Bristol-Myers' current top-selling medicine, Eliquis, is also on track to become one of the best selling drugs in the world by 2024. During the third quarter, sales of Eliquis -- which is used to treat blood clots -- was $1.9 billion and improved by 22% year over year. However, Bristol-Myers markets Eliquis with Pfizer, so the company will have to share the spoils from this product. In addition to Eliquis and Opdivo, the pharma company has other products to rely on. For instance, Bristol-Myers markets Orencia, a drug that reduces the symptoms of moderate to severe rheumatoid arthritis (RA). During the third quarter, sales of Orencia were $767 million, representing a 14% year over year increase.
Furthermore, Orencia recently received a new designation from the U.S. Food and Drug Administration (FDA) for the prevention of moderate to severe acute graft-versus-host disease, a condition that sometimes arises as a result of stem cell transplants for the treatment of certain illnesses. This life-threatening condition -- which affects up to 40% of patients who receive stem cell transplants for the treatment of diseases such as leukemia -- does not have any approved therapies. In short, Orencia's market just got broader, which is good news for Bristol-Myers and its shareholders.
Lastly, through its acquisition of Celgene, Bristol-Myers will have access to Revlimid, a medicine for the treatment of multiple myeloma and also one of the world's best-selling drugs. Sales of Revlimid during the third quarter were $2.8 billion, up 13% compared to the prior-year period, but the drug will likely encounter competition starting in 2022. That being said, Bristol-Myers' lineup looks strong overall.
A promising pipeline and a solid dividend
Bristol-Myers also boasts a strong pipeline, and some of its most promising products were acquired in the Celgene takeover. These include liso-cel, a potential treatment for lymphoma that the company hopes to submit for approval by the end of 2020. There's also ozanimod, a medicine set to treat multiple sclerosis that is currently being reviewed by the FDA. According to the pharma company, its late-stage pipeline could generate more than $15 billion in revenue.

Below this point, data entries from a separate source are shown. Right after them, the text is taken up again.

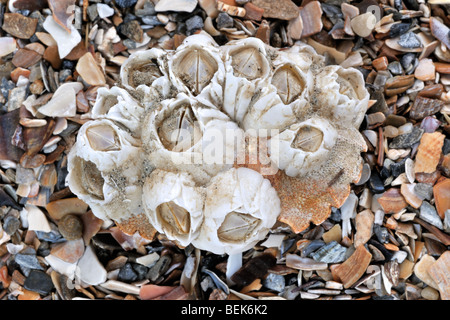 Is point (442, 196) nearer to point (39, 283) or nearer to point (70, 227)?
point (70, 227)

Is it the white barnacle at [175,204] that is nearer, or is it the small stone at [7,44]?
the white barnacle at [175,204]

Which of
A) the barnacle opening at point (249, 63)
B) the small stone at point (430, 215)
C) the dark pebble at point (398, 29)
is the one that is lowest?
the small stone at point (430, 215)

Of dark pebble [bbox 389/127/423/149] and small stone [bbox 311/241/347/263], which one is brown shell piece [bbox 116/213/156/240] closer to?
small stone [bbox 311/241/347/263]

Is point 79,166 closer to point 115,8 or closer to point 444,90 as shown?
point 115,8

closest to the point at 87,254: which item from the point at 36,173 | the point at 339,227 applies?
the point at 36,173

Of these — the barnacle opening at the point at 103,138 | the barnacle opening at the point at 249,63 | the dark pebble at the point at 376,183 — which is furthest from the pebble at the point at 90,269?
the dark pebble at the point at 376,183

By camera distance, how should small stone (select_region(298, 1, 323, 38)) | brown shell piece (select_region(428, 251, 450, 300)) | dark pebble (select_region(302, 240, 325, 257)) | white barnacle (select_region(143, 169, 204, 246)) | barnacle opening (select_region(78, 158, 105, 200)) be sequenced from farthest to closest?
small stone (select_region(298, 1, 323, 38)) → dark pebble (select_region(302, 240, 325, 257)) → brown shell piece (select_region(428, 251, 450, 300)) → barnacle opening (select_region(78, 158, 105, 200)) → white barnacle (select_region(143, 169, 204, 246))

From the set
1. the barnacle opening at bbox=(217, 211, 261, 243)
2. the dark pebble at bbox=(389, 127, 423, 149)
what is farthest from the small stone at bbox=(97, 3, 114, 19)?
the dark pebble at bbox=(389, 127, 423, 149)

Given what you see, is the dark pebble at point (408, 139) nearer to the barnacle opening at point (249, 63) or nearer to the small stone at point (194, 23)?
the barnacle opening at point (249, 63) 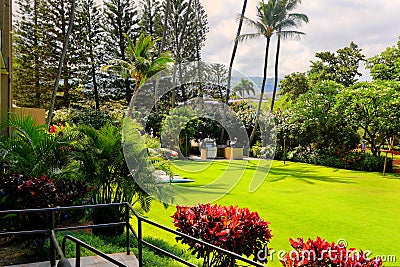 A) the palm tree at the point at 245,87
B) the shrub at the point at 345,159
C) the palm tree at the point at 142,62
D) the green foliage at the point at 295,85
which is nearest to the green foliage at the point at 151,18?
the palm tree at the point at 142,62

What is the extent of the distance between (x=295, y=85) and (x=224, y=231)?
78.6 ft

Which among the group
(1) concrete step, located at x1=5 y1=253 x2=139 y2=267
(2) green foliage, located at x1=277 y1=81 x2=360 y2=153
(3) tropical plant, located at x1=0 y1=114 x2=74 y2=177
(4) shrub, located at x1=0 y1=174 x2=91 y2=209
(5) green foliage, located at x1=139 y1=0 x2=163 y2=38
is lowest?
(1) concrete step, located at x1=5 y1=253 x2=139 y2=267

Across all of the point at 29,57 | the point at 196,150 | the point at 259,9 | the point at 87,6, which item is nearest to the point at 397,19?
the point at 259,9

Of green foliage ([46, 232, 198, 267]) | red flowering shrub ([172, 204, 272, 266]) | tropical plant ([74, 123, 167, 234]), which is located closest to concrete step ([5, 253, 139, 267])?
green foliage ([46, 232, 198, 267])

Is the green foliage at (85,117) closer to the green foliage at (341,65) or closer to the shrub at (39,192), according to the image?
the green foliage at (341,65)

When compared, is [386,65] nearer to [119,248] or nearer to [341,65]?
[341,65]

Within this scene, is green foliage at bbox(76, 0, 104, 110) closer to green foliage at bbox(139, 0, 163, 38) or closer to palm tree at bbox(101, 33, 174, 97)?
green foliage at bbox(139, 0, 163, 38)

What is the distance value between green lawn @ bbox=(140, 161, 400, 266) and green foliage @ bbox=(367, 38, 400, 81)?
15.6 ft

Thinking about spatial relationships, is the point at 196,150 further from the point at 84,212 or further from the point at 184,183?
the point at 84,212

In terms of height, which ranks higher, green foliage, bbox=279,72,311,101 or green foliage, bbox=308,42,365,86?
green foliage, bbox=308,42,365,86

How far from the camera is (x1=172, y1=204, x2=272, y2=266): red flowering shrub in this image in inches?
140

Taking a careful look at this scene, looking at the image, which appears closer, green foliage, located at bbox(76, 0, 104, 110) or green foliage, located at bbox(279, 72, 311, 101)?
green foliage, located at bbox(76, 0, 104, 110)

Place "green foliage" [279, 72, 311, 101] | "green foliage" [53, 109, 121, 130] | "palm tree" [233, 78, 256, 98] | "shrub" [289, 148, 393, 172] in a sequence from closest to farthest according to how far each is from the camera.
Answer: "palm tree" [233, 78, 256, 98]
"shrub" [289, 148, 393, 172]
"green foliage" [53, 109, 121, 130]
"green foliage" [279, 72, 311, 101]

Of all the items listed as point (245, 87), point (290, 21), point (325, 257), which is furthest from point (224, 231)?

If that prediction is even remotely accurate, Bristol-Myers has a lot to look forward to, and its shareholders will reap the benefits as well. Let's not forget about Bristol-Myers' dividend. The drugmaker currently boasts a 2.6% dividend yield, and although it has raised its quarterly dividend payout by only 10% over the past five years, Bristol-Myers' payout ratio is only 47.4%, so there's likely more dividend growth where that came from. Lastly, at $63 per share, Bristol-Myers is currently near its 52-week high, but the company is trading at just 10.42 times future earnings. At this price, Bristol-Myers' shareholders would do well to purchase more shares of the company.